Give each line of the records again exactly and omit every picture.

*** Opening PROVIDED MATERIAL ***

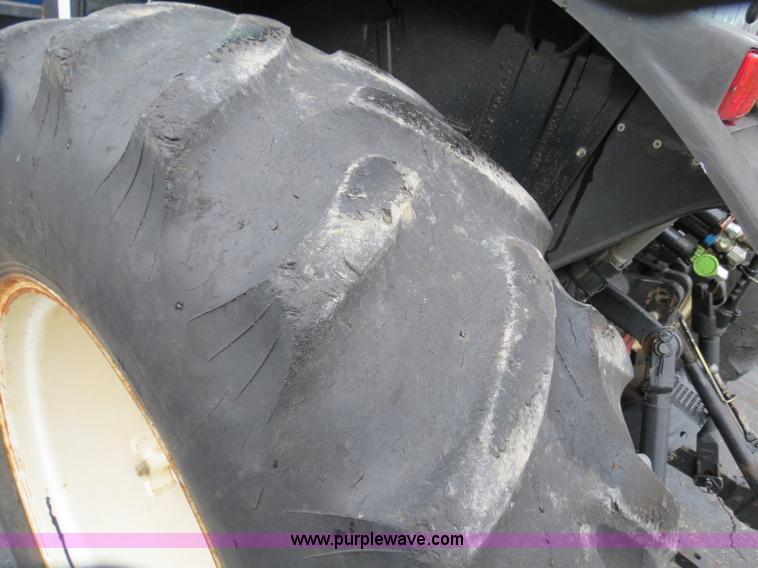 image for item F4338 2003 New Holland TN55D tractor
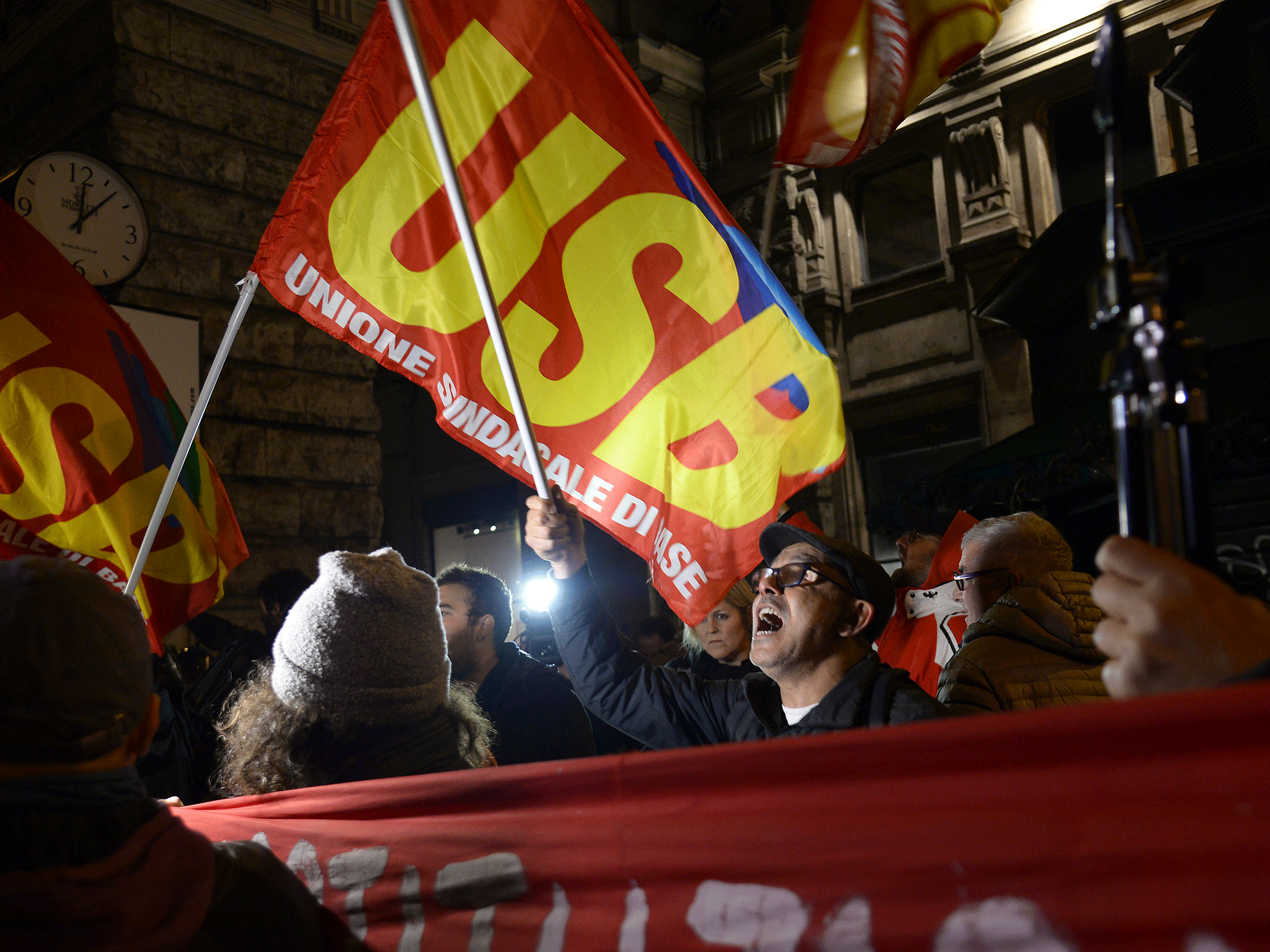 Italians rallying for the 'no' camp of the referendum in Rome Getty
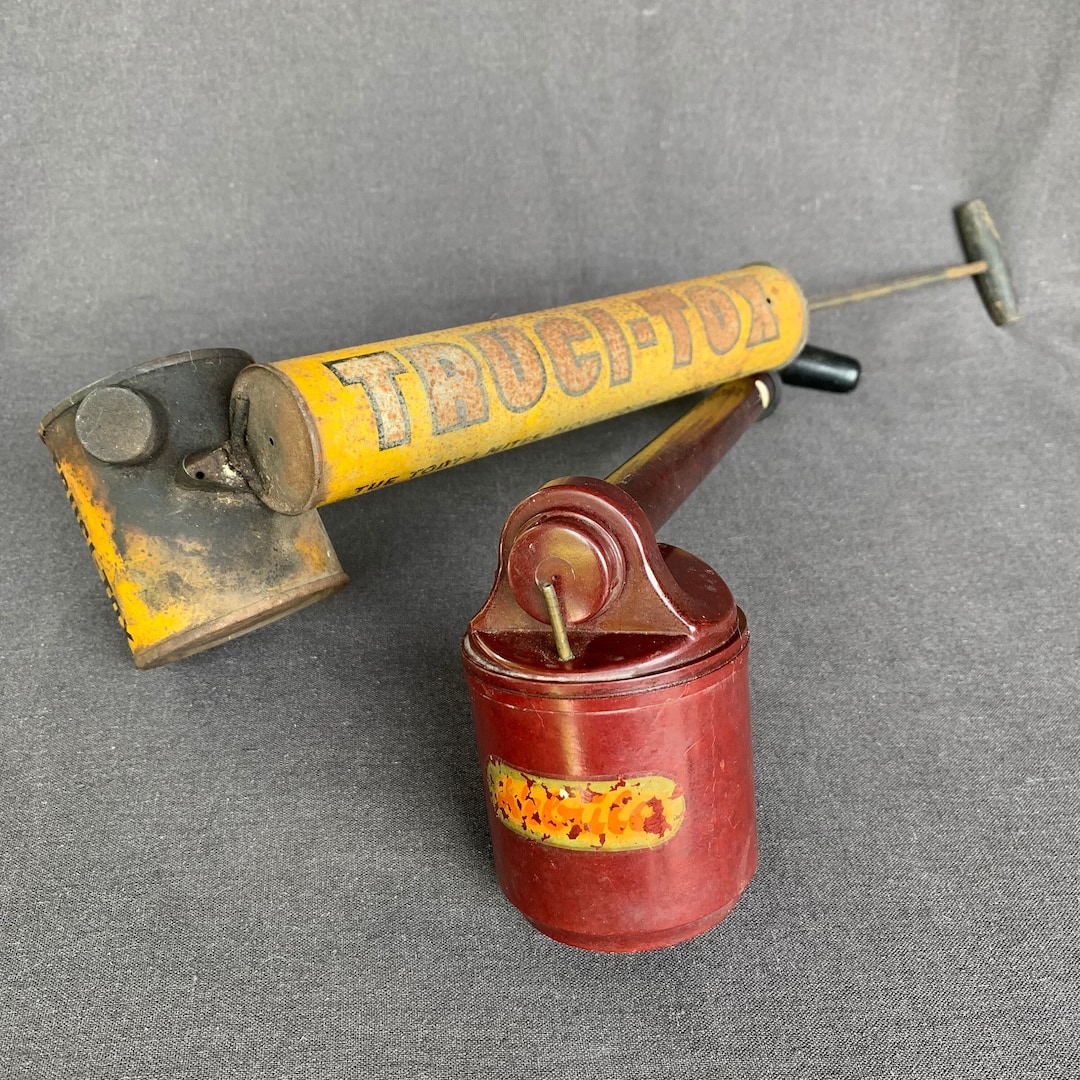 ビンテージの殺虫剤噴霧器。レトロな救出されたフライトックス虫駆除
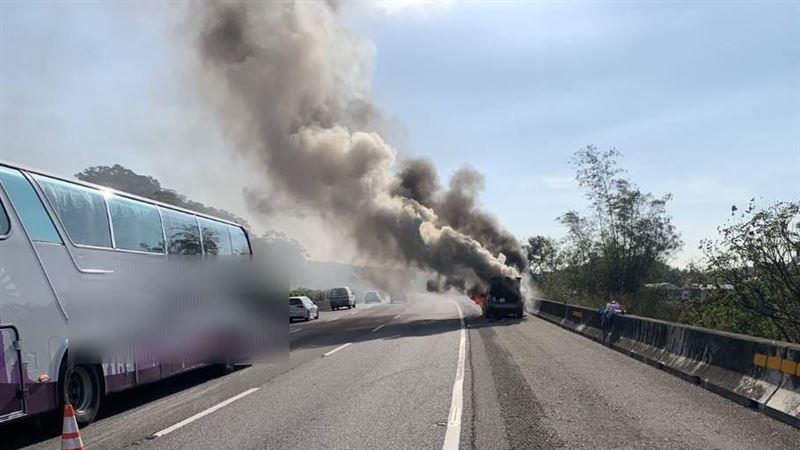 台灣新聞通訊社-國道1造橋段火燒車！火勢吞沒車輛燒剩骨架　2人急停路肩跳車逃命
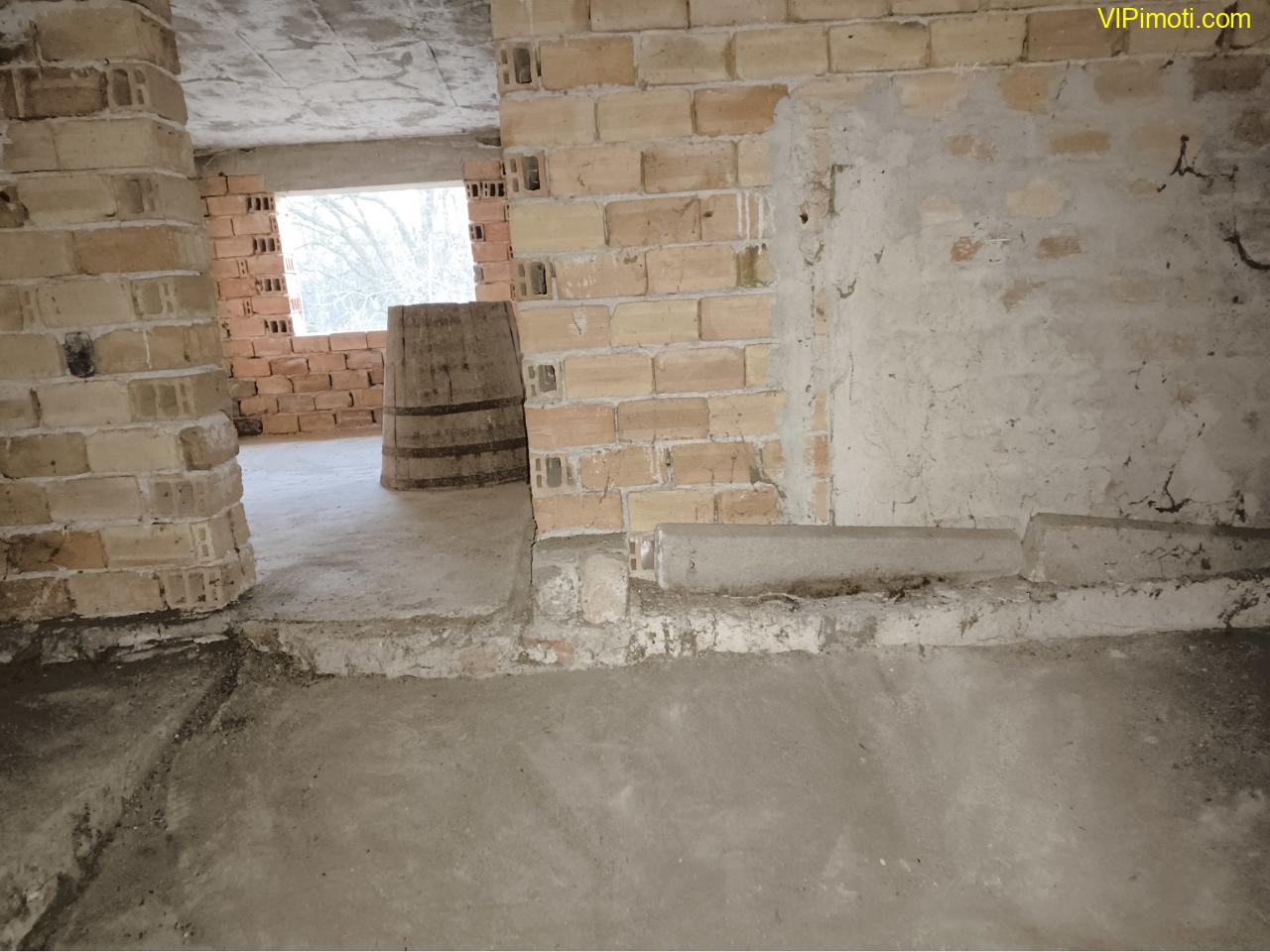 ДВЕ МАСИВНИ ТУХЛЕНИ КЪЩИ за продажба в село Яздач, на 20 км от гр. СТАРА ЗАГОРА - ИЗГОДНО ! ДВЕ МАСИВНИ ТУХЛЕНИ КЪЩИ за продажба в село Яздач, на 20 км от гр. СТАРА ЗАГОРА - ИЗГОДНО !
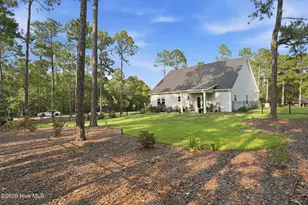 30240 W Lake Dr, Wagram, NC 28396 - Photo 34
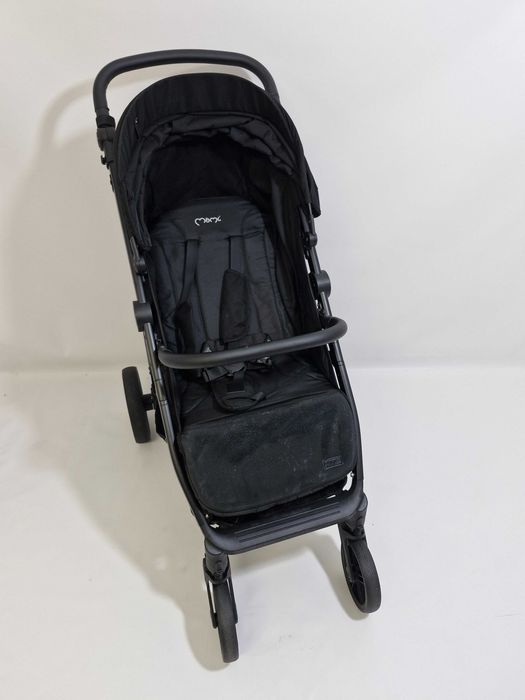 MoMi CLARA wózek spacerowy dziecięcy od 6 miesiąca życia, do 22 kg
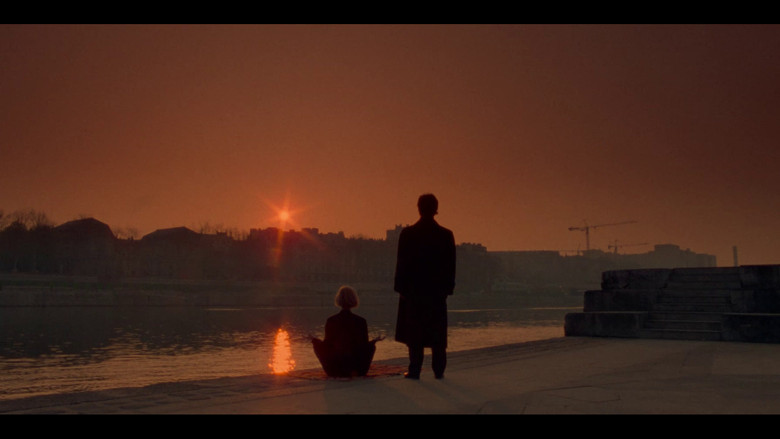 Image d'arrière-plan 7 du film La Crise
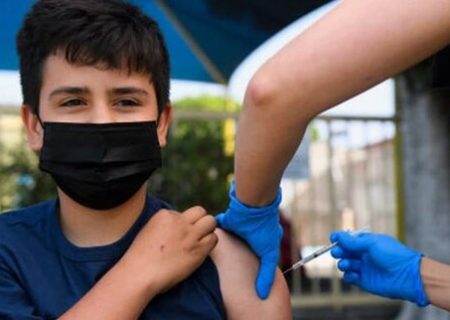 واکسینه شدن ۹۸ درصد جمعیت دانش آموزان سیستان و بلوچستان برعلیه کرونا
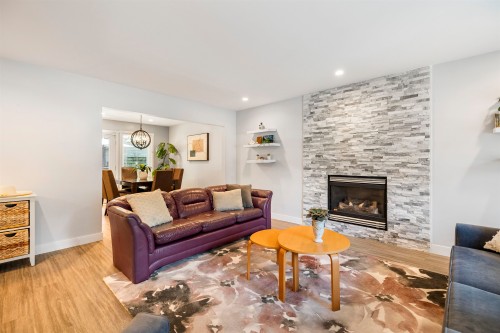 20179 37 Avenue, Langley, BC - Indoor Photo Showing Living Room With Fireplace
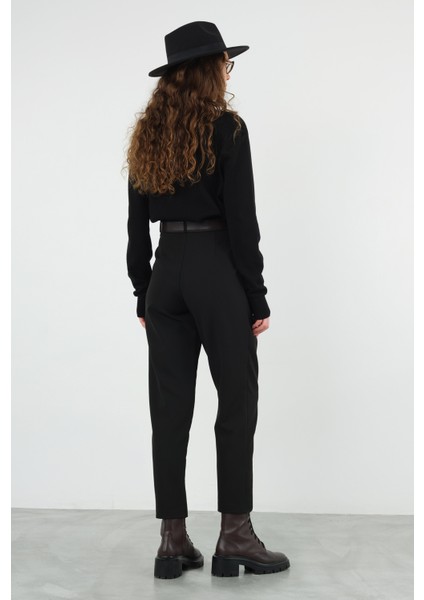 Önü Pileli Pantolon Siyah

*** Closing PROVIDED MATERIAL ***

**ANSWER FOR THIS EXERCISE**.
 image for item F4338 2003 New Holland TN55D tractor
 Italians rallying for the 'no' camp of the referendum in Rome Getty
 ビンテージの殺虫剤噴霧器。レトロな救出されたフライトックス虫駆除
 台灣新聞通訊社-國道1造橋段火燒車！火勢吞沒車輛燒剩骨架　2人急停路肩跳車逃命
 ДВЕ МАСИВНИ ТУХЛЕНИ КЪЩИ за продажба в село Яздач, на 20 км от гр. СТАРА ЗАГОРА - ИЗГОДНО ! ДВЕ МАСИВНИ ТУХЛЕНИ КЪЩИ за продажба в село Яздач, на 20 км от гр. СТАРА ЗАГОРА - ИЗГОДНО !
 30240 W Lake Dr, Wagram, NC 28396 - Photo 34
 MoMi CLARA wózek spacerowy dziecięcy od 6 miesiąca życia, do 22 kg
 Image d'arrière-plan 7 du film La Crise
 واکسینه شدن ۹۸ درصد جمعیت دانش آموزان سیستان و بلوچستان برعلیه کرونا
 20179 37 Avenue, Langley, BC - Indoor Photo Showing Living Room With Fireplace
 Önü Pileli Pantolon Siyah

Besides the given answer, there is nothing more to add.